The Pannikin has long been a La Jolla institution. You could argue Chris deserves that title too. Not that he hasn’t left town. He has. Many of his award-winning screenplays are optioned for production. He has spent time in front of the camera as well. (See his list of film and television serial credits.)
Born in Oklahoma, as a physics undergrad at UCSD Canole took chemistry with Linus Pauling. He went on to graduate from Cal Arts. He was “an American in Paris,” chosen to represent the U.S. as an artist in residence in les arts plastiques, i.e., sculpture, in France many years ago. He once established the Guinness World Book Record for longest conversation. (Like many Pannikin regulars at the time, I reserved a 15-minute slot as one of his many interlocutors.)
I first took note of Christopher Canole as a teenager. Those were his more bearded days. (He seems to have lost the beard.) He’d just returned from his artist’s residency in Paris around when I became a regular visitor to the now defunct and much missed Mithras bookstore on La Jolla Blvd near Pearl, now a Lamborghini dealership.

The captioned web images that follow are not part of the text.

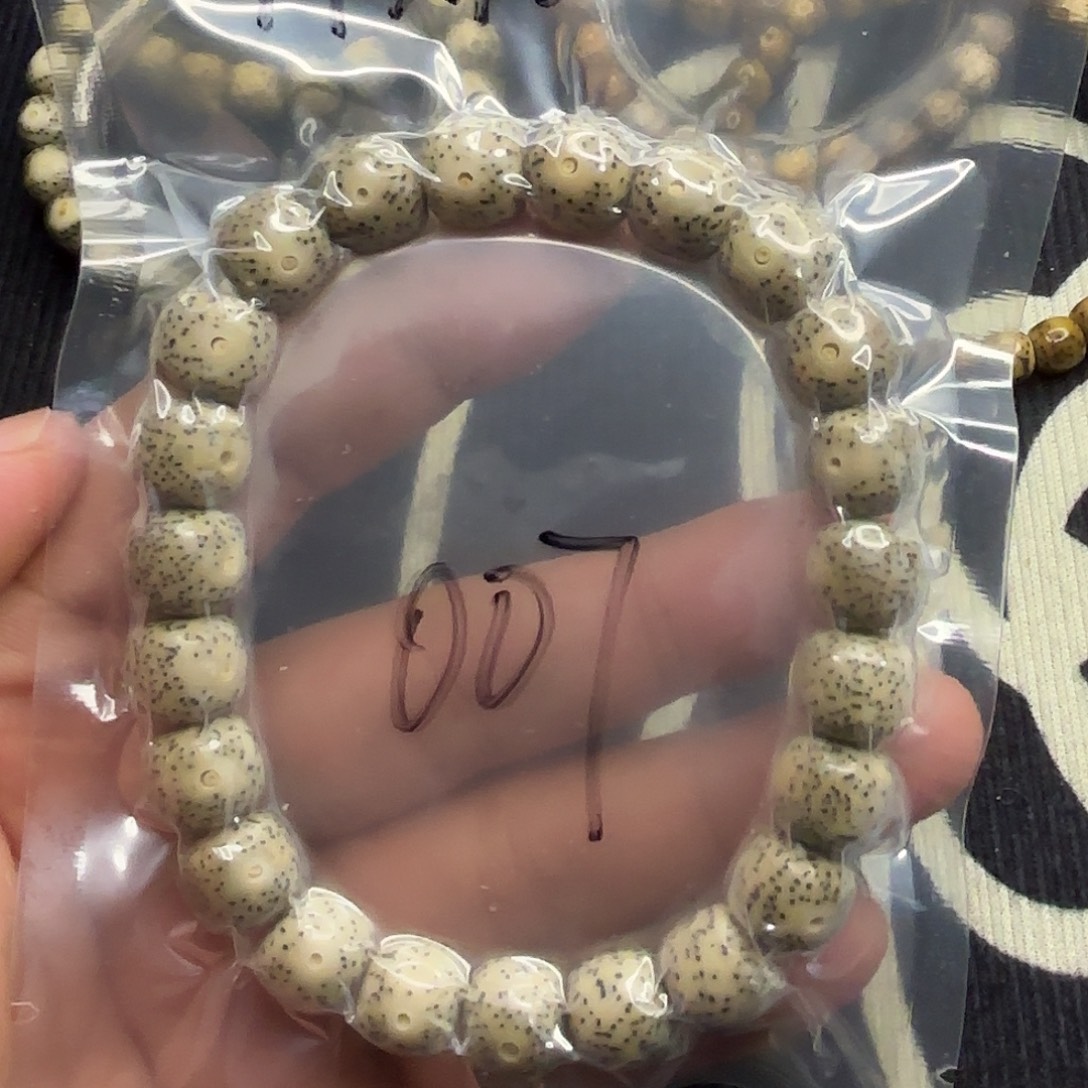 手串星月菩提玉化料007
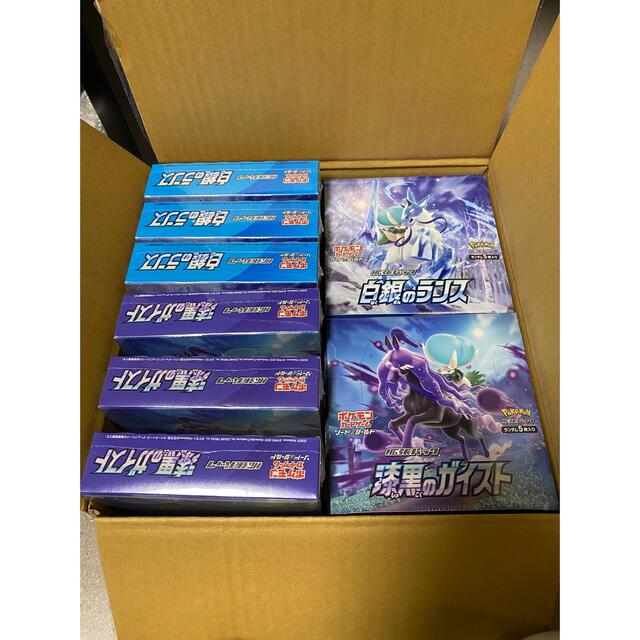 漆黒のガイスト 6box 白銀のランス 6box 新品未開封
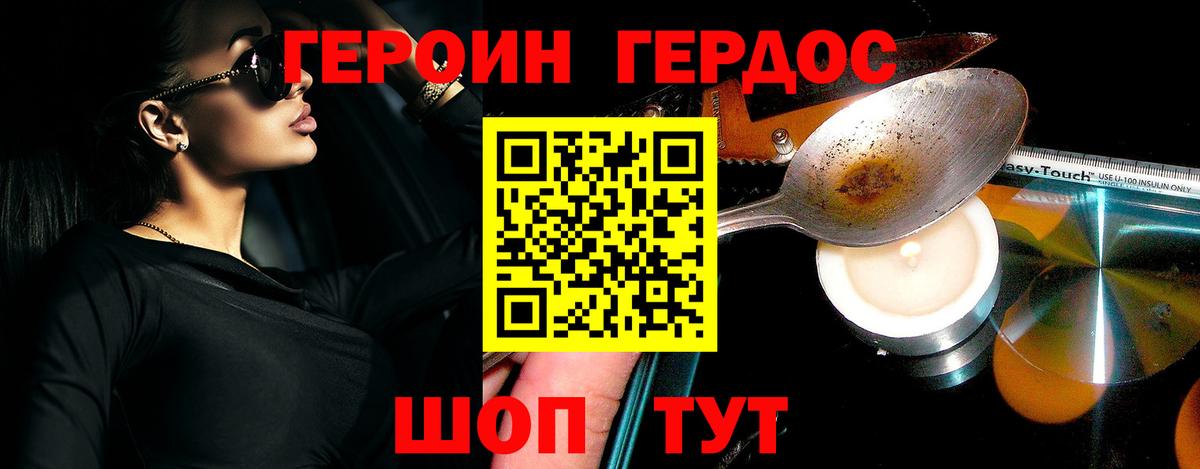 ГЕРОИН Афган  Героин  Соль-Илецк  Вход с VPN 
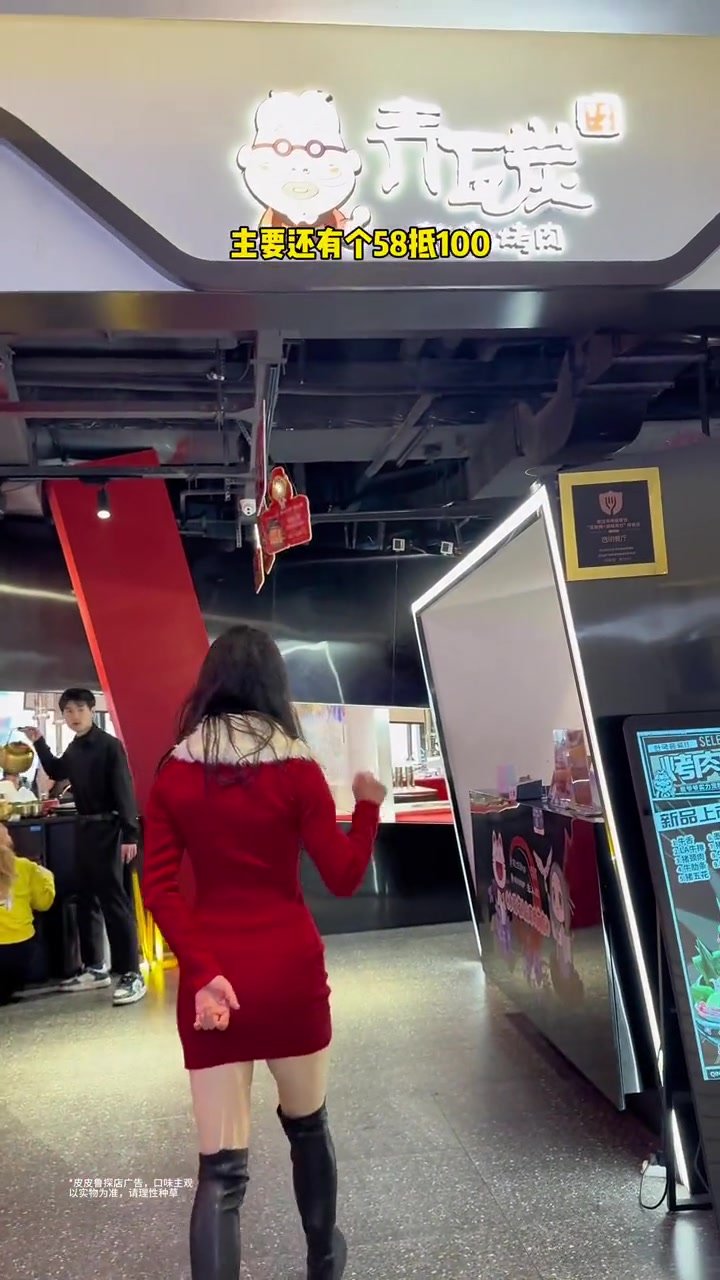 年末聚餐来烤肉吧 用一顿烤肉来告别2023 青瓦炭 冬日尾牙祭 广告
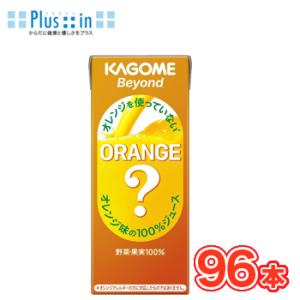 カゴメ Beyond　オレンジを使っていないオレンジ味の１００％ジュース  200ml × 24本入...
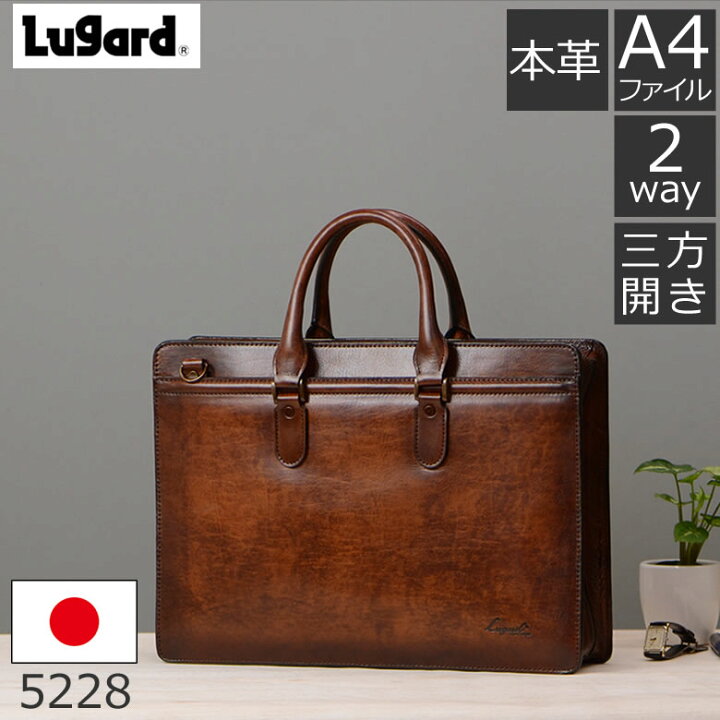 楽天市場】lugard ラガード g3 ブリーフケース 本革 メンズ ビジネス 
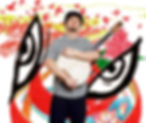 received_366324783924944.jpeg
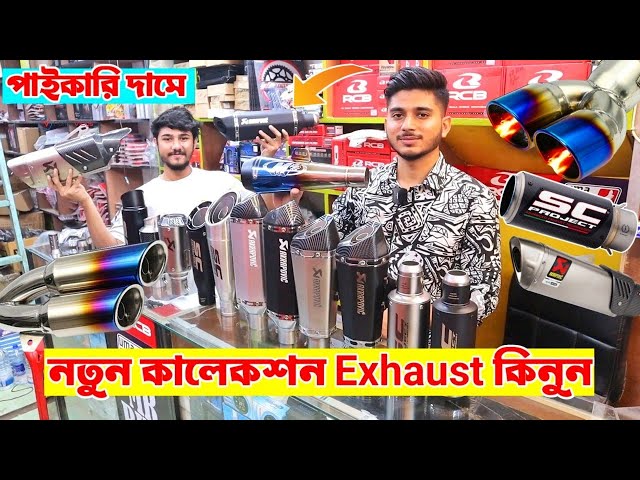 Motorcycle exhaust price in Bangladesh 2023 😱 bike holar price in bd || New Collection/Bike Exchust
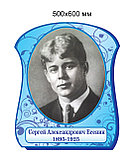 Сергей Александрович Есенин. Портреты русских писатетй и поэтов, фото 2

Recently, Chris reminded me that, yes, he was “that guy” who sat behind a counter there in the bookshop in front of the theater wearing blousy shirts.
The Mithras bookshop had a kind of hidden movie house in the back, the Unicorn Theater, with an entrance through a doorway at the back of the shop. The Unicorn ran movie marathons that spanned an entire weekend. To a teenager, it was a magical and wondrous place.
An old-style thing on wheels churned out popcorn that warmed the lobby and permeated the air. And, of course, there was Canole in one of those blousy shirts.
I also remember him as this helmeted fellow making his way through traffic, pulling up and parking in front of the Pannikin. Everyone could id him right away, even with a motorcycle helmet. His self-designed café racing motorcycles and his signature black leather garb were kind of a give-away.
Then suddenly he’d pop up all dressed in tight white garb with a mask on the University of California playing fields. After captaining the UCSD fencing team he became coach for two years. (He’s still available for anyone who might need to film a fencing scene.)
Canole’s work is fundamentally about relationship. Aptly, while he worked on the pieces he often had something of an audience: café goers, friends, strangers. He drew them into the process. Perhaps their curiosity was also part of this artwork.
The artist donates most of the drawings he does to charities, sometimes gifting them to organizations related to the work the subject is known for or one of their causes. He has sent others as gifts to some of the people he has drawn.
The project was also self-therapy. In his earlier years, he was involved in projects that took him outside of popular culture: studying the Tao, sculpting, and other involvements. This means that he has waited to re-experience some of this stuff for the first time by looking back.
He has found that he can appreciate these lost decades–maybe regain them–even if through a prism of abstraction, through reading, reminiscing with others and, of course, drawing.
To get a sense of the La Jolla man’s talents and pursuits—a curious intersection of multiple domains—take a look at his website: canole.com. Or, ask him yourself. He’s quite open and, to be sure, he’s almost always ready to chat. He’s his own real life walking Facebook profile, ready to “friend” anyone to learn their stories. But face-to-face is more his style.
Although he is no longer facing his show deadline, you may still see him at work sketching away at the Pannikin on Girard. Though it is more likely that he has struck off in a new direction, devoting himself with great fervor to some new project. I have observed over the years that is what he does.